Amelia asks :

Hi Lucy,

My partner’s parents have been living apart just over a year and their divorce was finalised about 6 months ago. It was very messy but recently his sister (28) has been forcing her father to get back and both parents are considering it as his mother is afraid of being alone. 

I feel as if both adults aren't thinking about how they feel or went through and are just getting back as it’s what their daughter wants. Please help- I don't want anyone to have to go through that divorce again!

 

Hi Amelia,

Agony Aunts on Female First

Agony Aunts on Female First

It may be best to stay out of this one- if you get involved then it may only cause more upset within the family unit.

It is always tempting to get back with someone to avoid being alone, however if they had a messy divorce, they might realise that getting back together could result in the same outcome.

It is down to the couple and they might come to realise that their daughter is perhaps acting out of hurt rather than thinking about what's best for them.

I would suggest being there for them both and your partner if they need to talk about anything. If you were to tell them your thoughts they could backfire depending on what they decide, which could damage your relationship with them as well as their relationship with your partner.

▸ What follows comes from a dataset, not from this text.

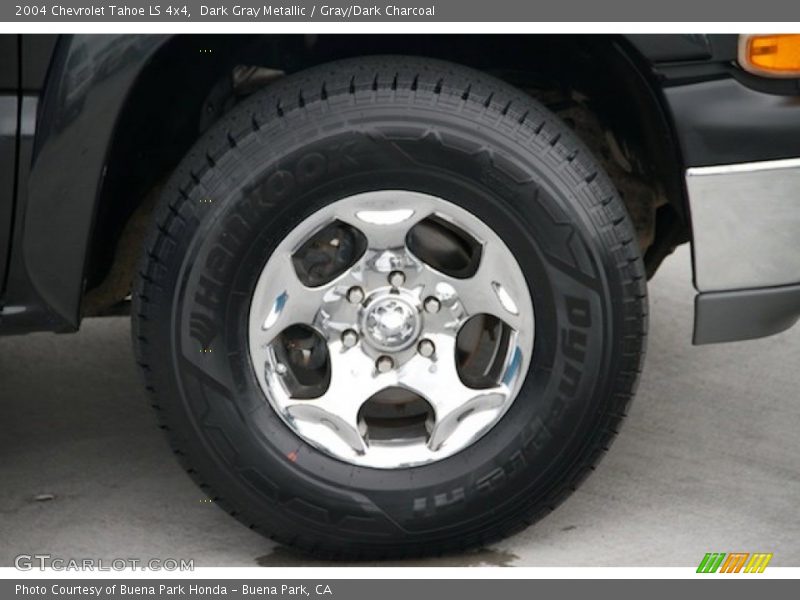 Dark Gray Metallic / Gray/Dark Charcoal 2004 Chevrolet Tahoe LS 4x4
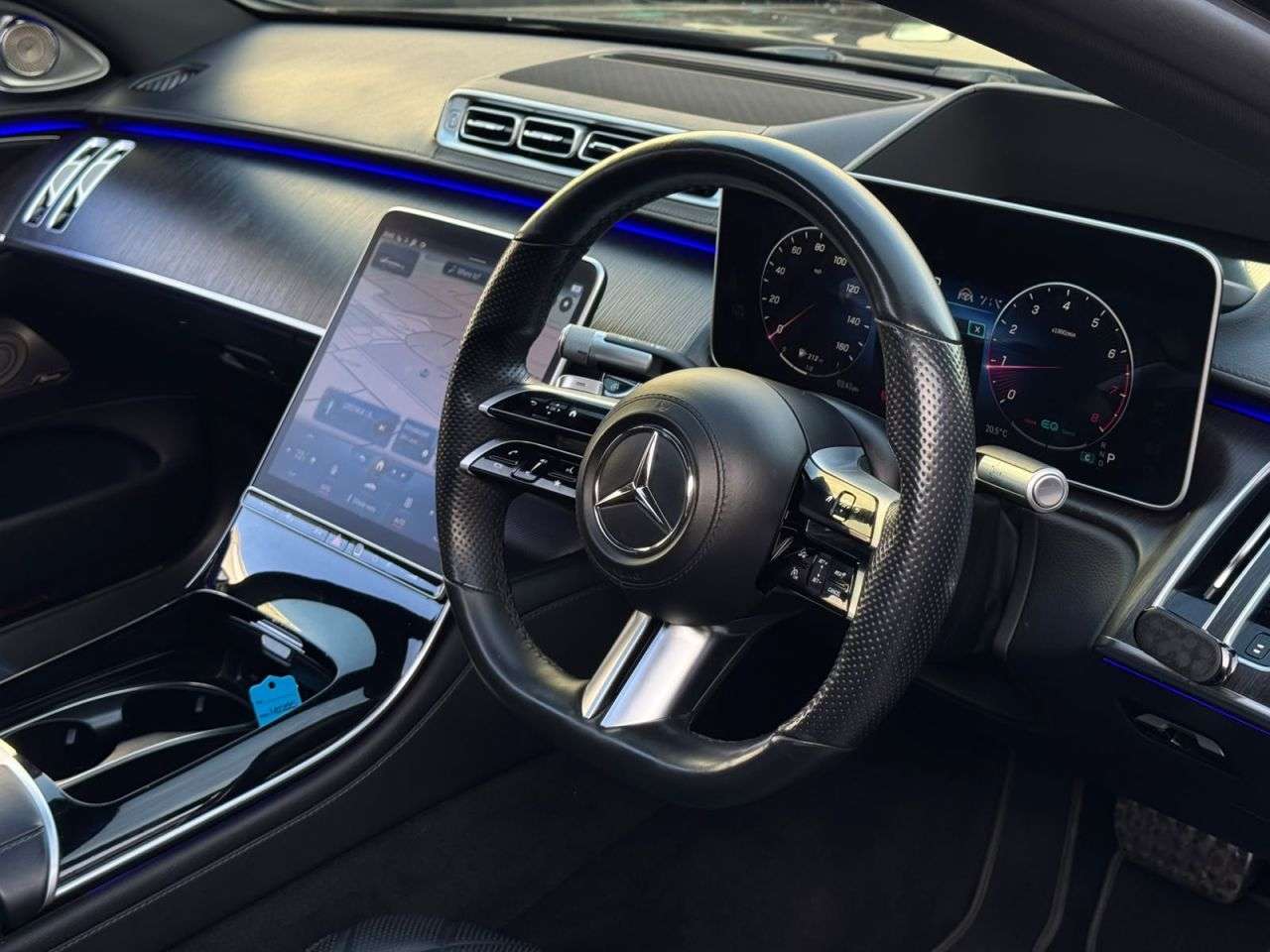 A 2021 MERCEDES-BENZ S CLASS 3.0 S500Lh MHEV AMG Line (Premium Plus, Executive) Saloon 4dr Petrol Hybrid A 2021 MERCEDES-BENZ S CLASS 3.0 S500Lh MHEV AMG Line (Premium Plus, Executive) Saloon 4dr Petrol Hybrid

It sounds like their divorce may have impacted on you and your family too; however it's important to remember that it is their relationship and their decision. They may get back together for the wrong reasons -it seems that being there as a sounding board and support system is all you can do right now.

It sounds like they are finding it hard enough to come to a decision as it is- if you're honest about your thoughts, it might make things even more confusing for them if they try to do right by others all the time.